Journal of Allergy & Therapy

Prophylactic Administration of Astragaloside IV Relieves Recurrent Allergic Atopic Dermatitis

Rijkers Chowhan^* Department of Allergy and Immunology, Lovely Professional University, Gujarat, India
^*Correspondence: Rijkers Chowhan, Department of Allergy and Immunology, Lovely Professional University, Gujarat, India, Email:

Received: 04-Apr-2022, Manuscript No. JAT-22-16708; Editor assigned: 07-Apr-2022, Pre QC No. JAT-22-16708 (PQ); Reviewed: 22-Apr-2022, QC No. JAT-22-16708; Revised: 29-Apr-2022, Manuscript No. JAT-22-16708 (R); Published: 06-May-2022, DOI: 10.35248/2155-6121.22.13.282

Description

Atopic Dermatitis (AD) is a common allergic inflammatory skin disease with high relapse rates and recurring severity. However, the underlying pathogenesis of AD recurrence is still unclear. Our previous study reported Astragaloside IV (AS-IV) administration in sensitization stage ameliorated the allergic inflammation of AD. In this study, we aimed to evaluate the efficacy of AS-IV which prophylactic applied in remission phase of AD and to investigate the underlying mechanisms

In this study, we compared the efficacy of AS-IV with three commonly applied medicines including Dexamethasone (Dex), Montelukast (Mon), and Loratadine (Lor) in a fluorescein isothiocyanate (FITC)-induced AD relapse (AD-Re) model. By investigating the pharmacokinetics profiles of AS-IV, and its effect on TLRs-mediated signaling pathway, we attempted to unravel the underlying mechanism of AS-IV with prophylactic administration against AD recurrence.

AS-IV has been shown to be effective in relieving allergic asthma. As a representative bioactive compound of YPFS, we reported AS-IV ameliorated allergic inflammation in sensitization stage of AD by inhibiting TSLP and IL-33 production. In this study, we firstly investigated the effect of AS-IV on anti-AD recurrence. Medications in remission phase of AD and re-exposure to allergens in a short time, AS-IV and conventional clinical drugs (Dex, Mon and Lor) alleviated the recurrent inflammation of AD significantly. However, with prolonged drug withdrawal, only AS-IV attenuated ear swelling and inflammatory cell infiltration as well as IgE production in recurrent phase of AD. AS-IV has been reported to down-regulate inflammatory cytokines such as TNF-α, IL-1β, and TGF-β. However, the immune response in AD is skewed towards Th2-mediated pathway and can in turn favour epidermal barrier disruption. Therefore, we then investigated the effects of AS-IV on Th2 cytokines production in AD-Re. Unlike Dex, Mon, and Lor, ASIV could remarkably damp the IL-4, IL-5, and IL-13 levels of ear homogenates in AD-Re mice, but showed feeble effect on IFN-γ production. These indicated AS-IV could specifically decrease Th2 cytokines production in AD-Re model.

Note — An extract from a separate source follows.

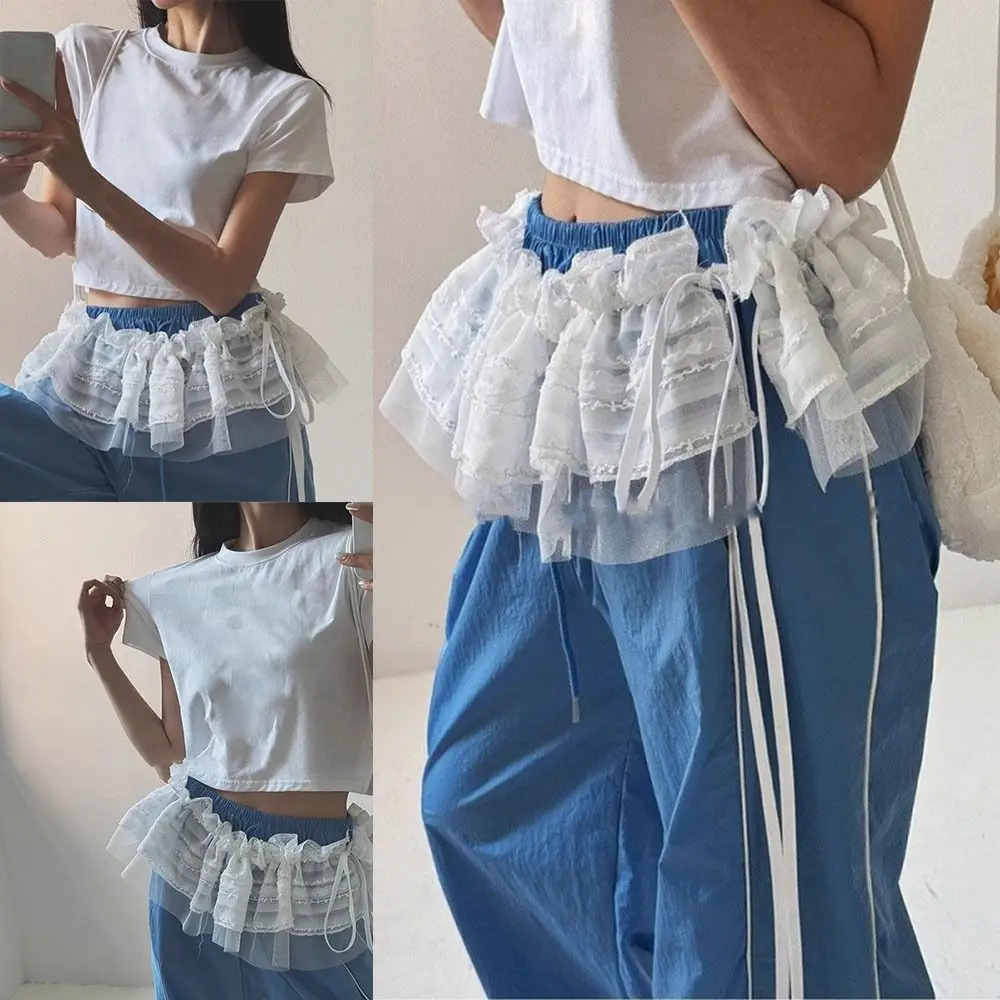 ใหม่ปักดอกไม้ลูกไม้กระโปรงมินิดูผ่าน Harajuku Lace Up Ruffles กระโปรง Y2K Streetwear ผ้าม่านกางเกงยีนส์ตกแต่ง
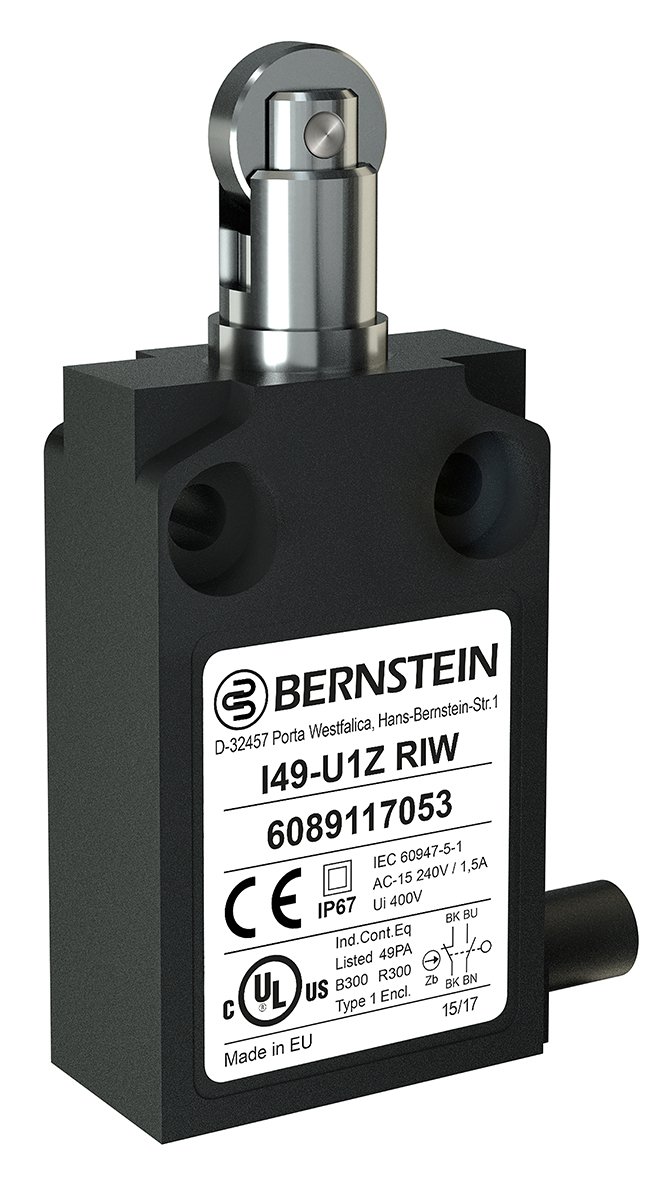 Bernstein AG I49 Series Roller Plunger Limit Switch, DPST, IP67, Plastic Housing, 250V ac, 10A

Impairment of epidermal barrier function, for instance, due to deficiency in the structural proteins, has been recognized contributing to AD aetiology and clinical manifestation. We previously found the defects of tight junction protein including occludin and CLDN1 were observed in remission phase of AD. However, AS-IV appeared had barely effects on CLDN1 and occludin (data not shown) expression in AD-Re. In addition, TLRs play a fundamental role in detecting invading pathogens or damage and initiating the innate immune system of mammalian cells. Alterations of TLRs play a potent role in susceptibility to AD. AS-IV presented a wide range of pharmacological effects through multiple pathways, however, most of them are related to TLR4-mediated NF-κB signalling pathways.

Consistently, protein levels of TIRAP and MyD88, the adapter proteins of TLR8 in ear tissue also reduced obviously with AS-IV treatment. Moreover, the downstream transcription factor NF-κB showed a similar trend as TLR8. TLR8 was initially considered to be inactive in mice. Until recently, the potential role of TLR8 in the generation of a critical immune response against bacterial infection and cancer has just begun to be uncovered. Our finding indicated TLR8-mediated NF-κB pathway may also play an important role in AD recurrence pathogenesis. AS-IV administration in remission phase of AD could regulate TLR8- mediated NF-κB pathway to against recurrence.